Sunday, 11 September 2011 11:35
The Muslim ummah is one and its suffering is one.
مَثَلُ الْمُؤْمِنِينَ كَمَثَلِ الْجَسَدِ إِذَا أَلِمَ بَعْضُهُ تَدَاعَى سَائِرُهُ
The Messenger of Allah صلى الله عليه وسلم said: "The example of the believers is like the body, if part of it hurts the rest of it is summoned." [Ahmed]
The wealth in the Muslim world with its abundant natural resources is immense. There should be no need to rely on America, the UN and other western powers for aid. Rather the Khilafah should be the leading nation that is giving aid not receiving it.

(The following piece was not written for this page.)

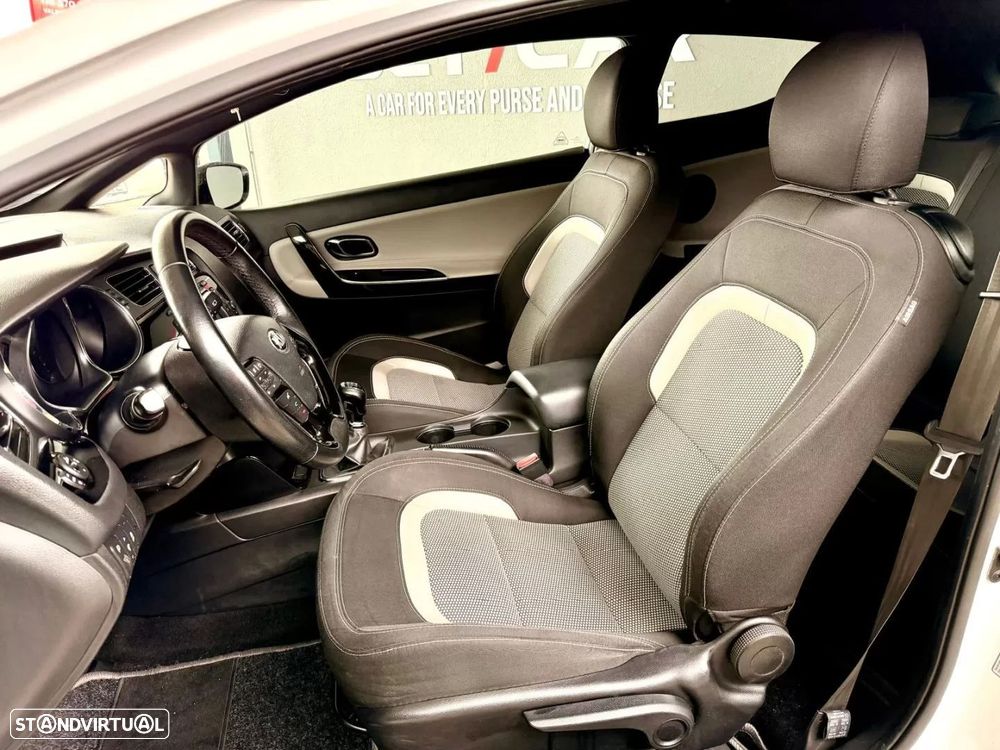 Kia Ceed S Coupé 1.6 CRDi TX - 8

The Messenger of Allah صلى الله عليه وسلم said: "The upper hand is better than the lower hand (i.e. he who gives in charity is better than him who takes it). One should start giving first to his dependents. And the best object of charity is that which is given by a wealthy person (from the money which is left after his expenses). And whoever abstains from asking others for some financial help, Allah will give him and save him from asking others, Allah will make him self-sufficient." [Bukhari, Narrated by Hakim bin Hizam]

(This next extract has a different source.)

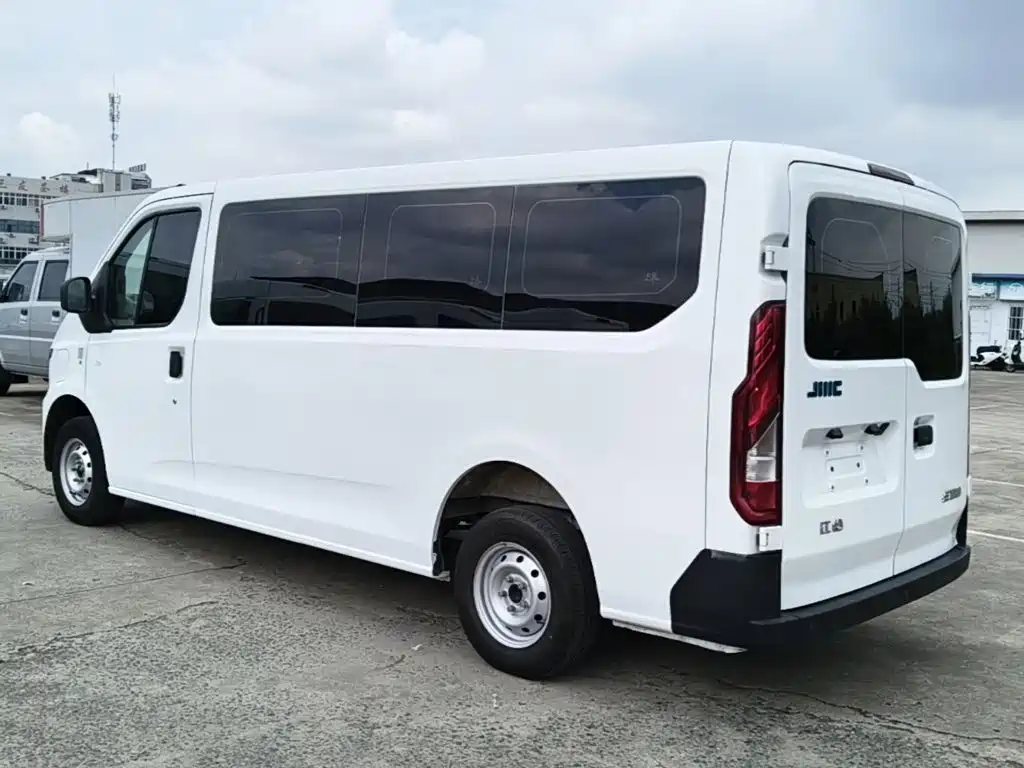 Jiangling E-Fushun 2025 2025 Clear Window Version 53.58kWh Medium Wheelbase Low Roof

In 1845, the onset of the Great Irish Famine resulted in over a million deaths. Ottoman Sultan Khaleefah Abdul-Majid I declared his intention to send 10,000 sterling to Irish farmers but Queen Victoria requested that the Sultan send only 1,000 sterling, because she had sent only 2,000 sterling herself. The Sultan sent the 1,000 sterling but also secretly sent 3 ships full of food. The English courts tried to block the ships, but the food arrived in Drogheda harbor and was left there by Ottoman Sailors. Due to this the Irish people, especially those in Drogheda, are friendly to the Turks.

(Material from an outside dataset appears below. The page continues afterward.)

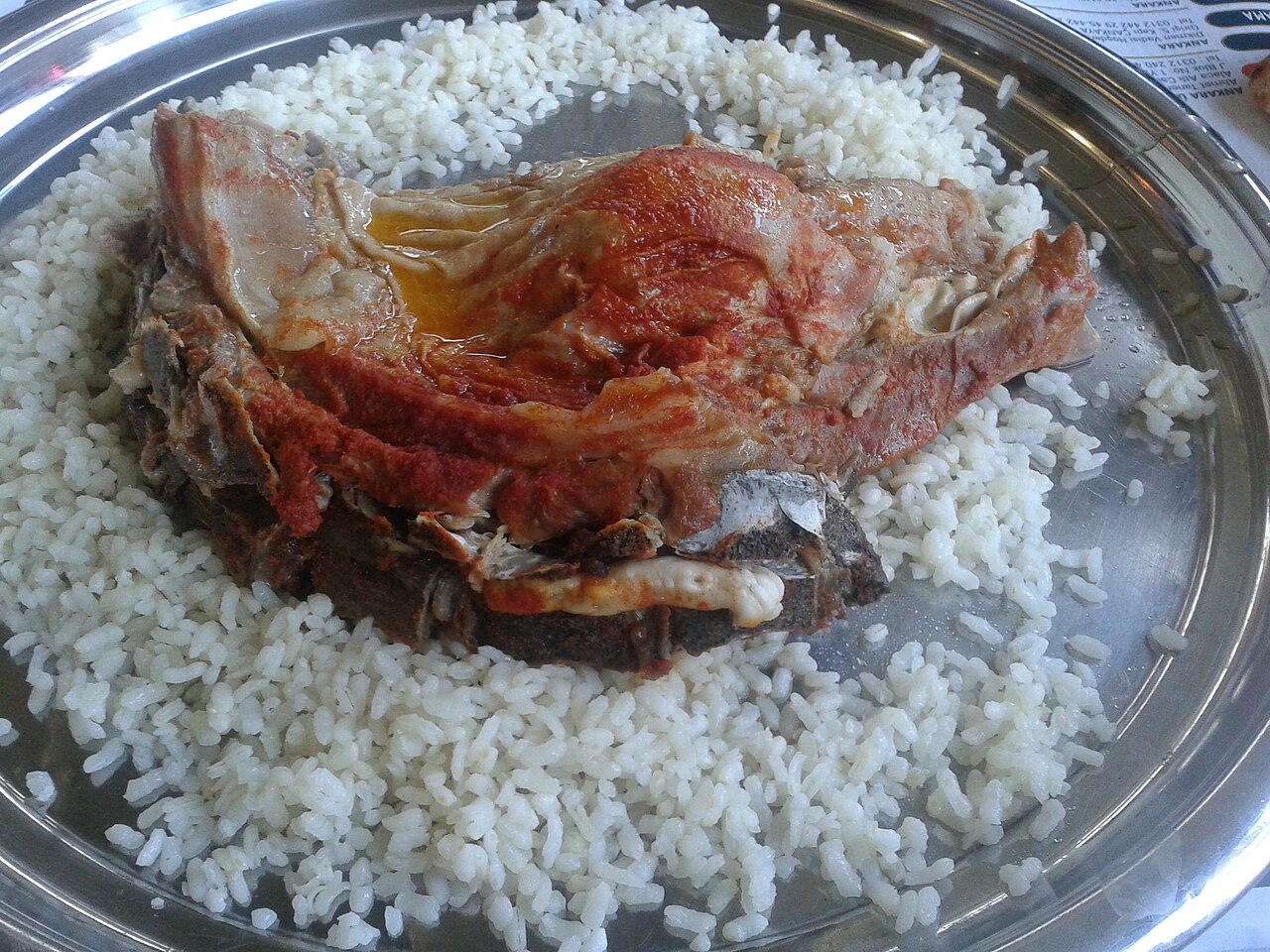 Pirinç harçlı kaburga dolması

The Khilafah is not a union of independent states like the EU or an empire where wealth is taken from the regions and concentrated in the capital. It is one state with a central government, divided up administratively in to provinces (wiliayaat). If any province of the Khilafah suffers a disaster such as a famine then funds will be collected from all other provinces to alleviate the problem. The Charities Department (Diwan as-Sadaqat) and the Public Properties department of the Treasury (Bait ul-Mal) will allocate funds to the famine. Natural resources like oil cannot be owned by individual royal families to misuse as they please, buying super cars, foreign football clubs and propping up western interest-based banks. They are public resources owned by the citizens of the Khilafah.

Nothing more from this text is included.